** PROMPT **
Can the lines below, from the one that holds "Un dormitorio con" to the very end, be echoed exactly, with both ends included and no pictures?

** EXTRACTED ENTRIES **
⁂
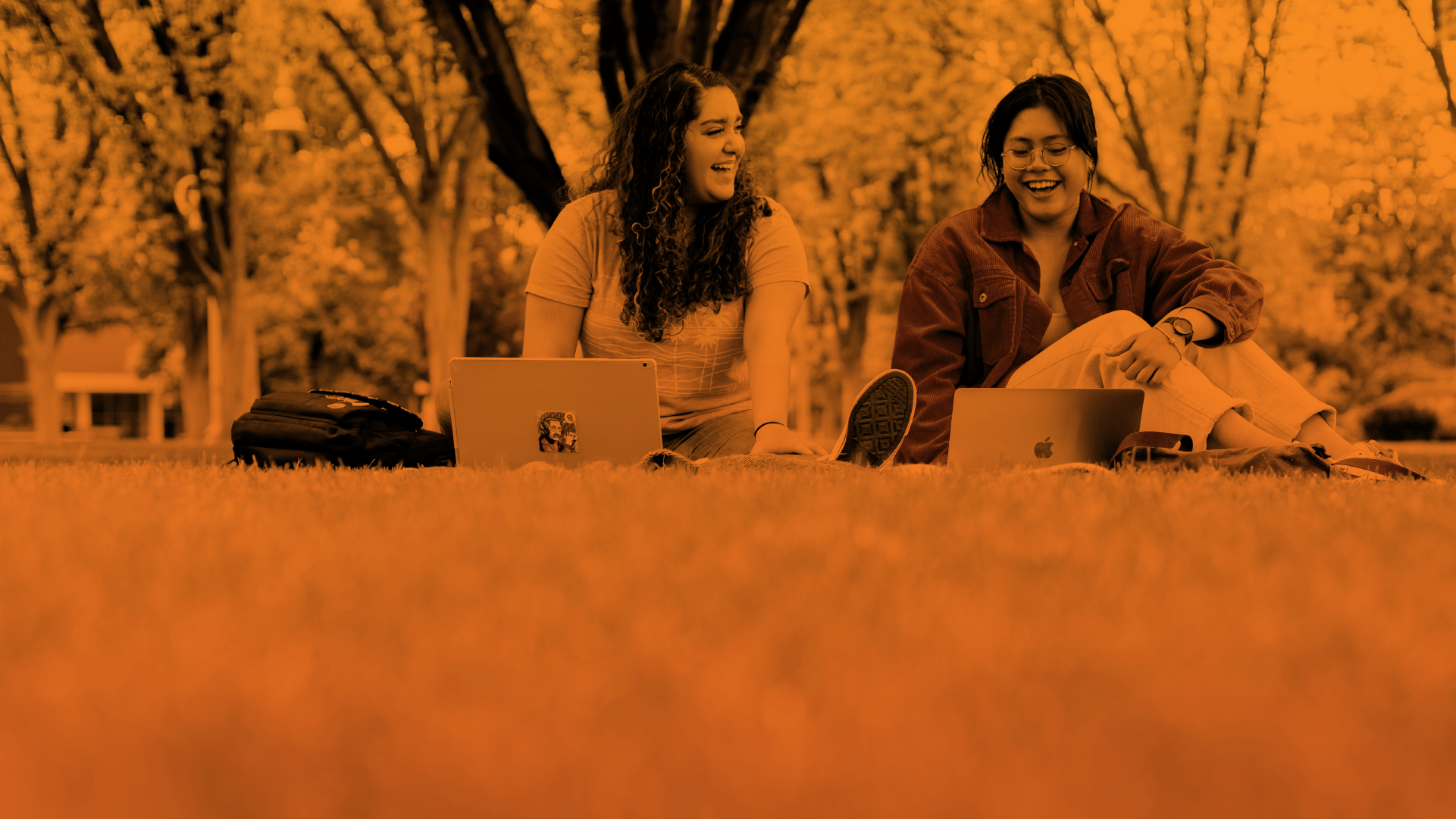 Two students sitting on the grass with laptops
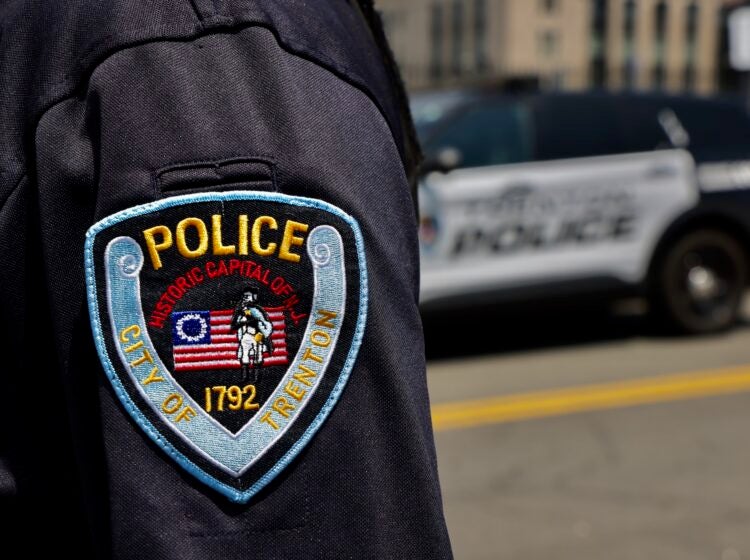 2025 07 24-e lee-trenton nj-police patch and cruiser A closeup photo of a Trenton police officer's badge on their arm.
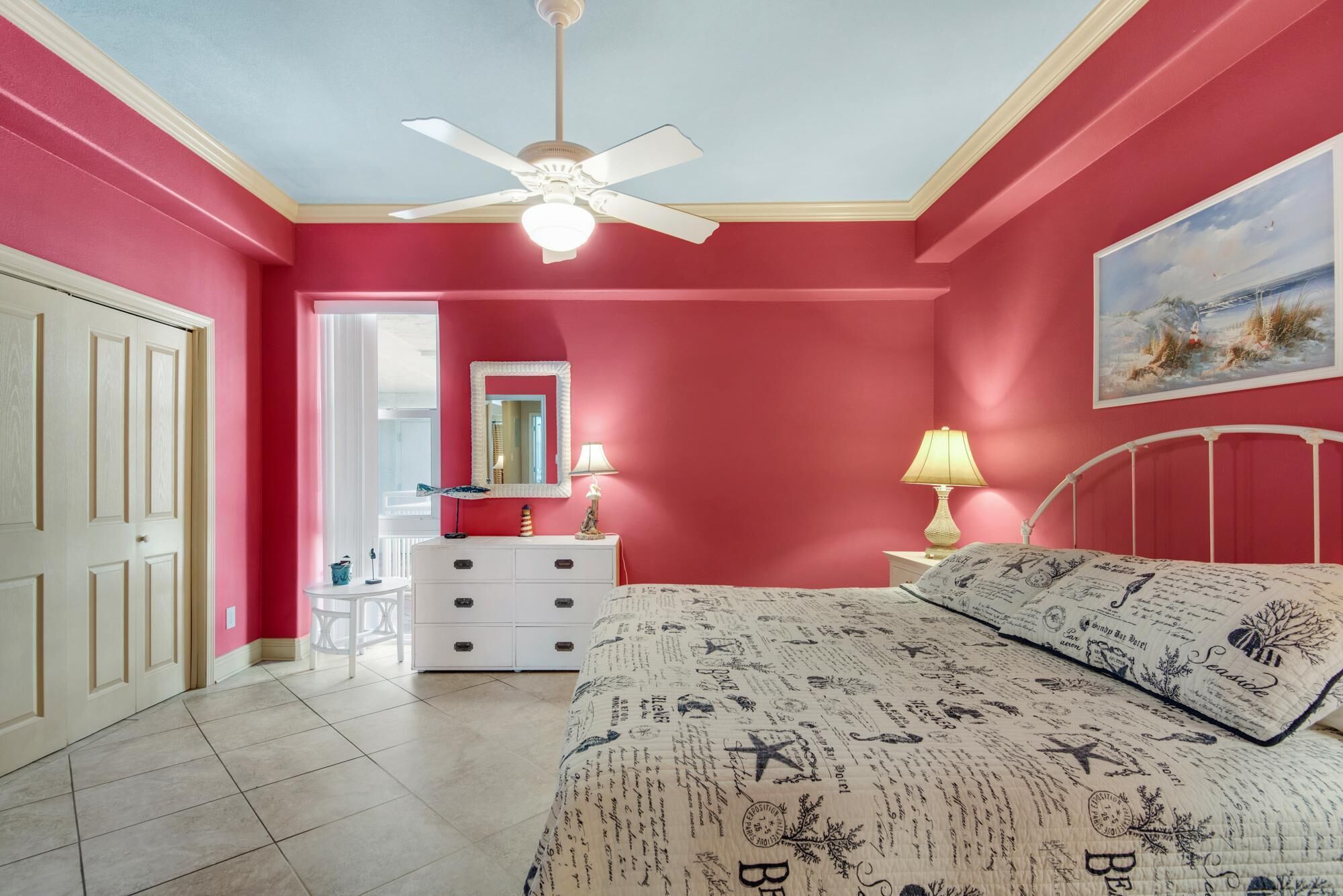 Un dormitorio con cama, mesita de noche, cómoda, ventilador de techo y un cuadro en la pared.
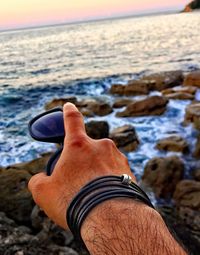 Close-up of hand against sea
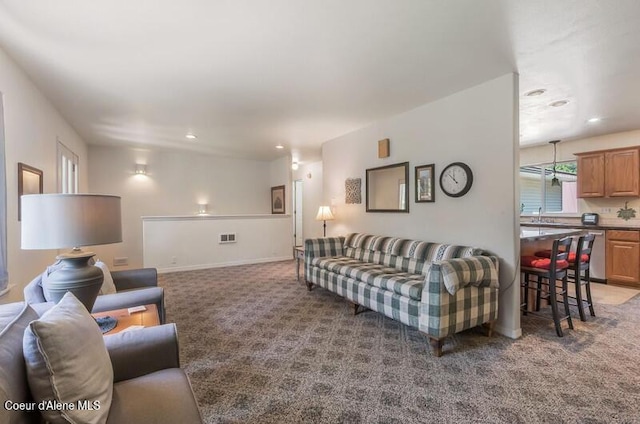 carpeted living area featuring baseboards, visible vents, recessed lighting, and a sink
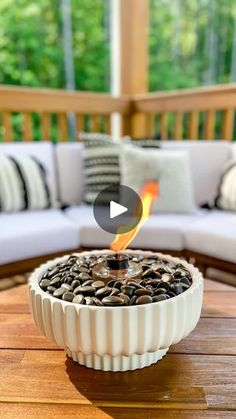 a fire pit sitting on top of a wooden table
⁂
** RESPONSE BELOW **
 Un dormitorio con cama, mesita de noche, cómoda, ventilador de techo y un cuadro en la pared.
 Close-up of hand against sea
 carpeted living area featuring baseboards, visible vents, recessed lighting, and a sink
 a fire pit sitting on top of a wooden table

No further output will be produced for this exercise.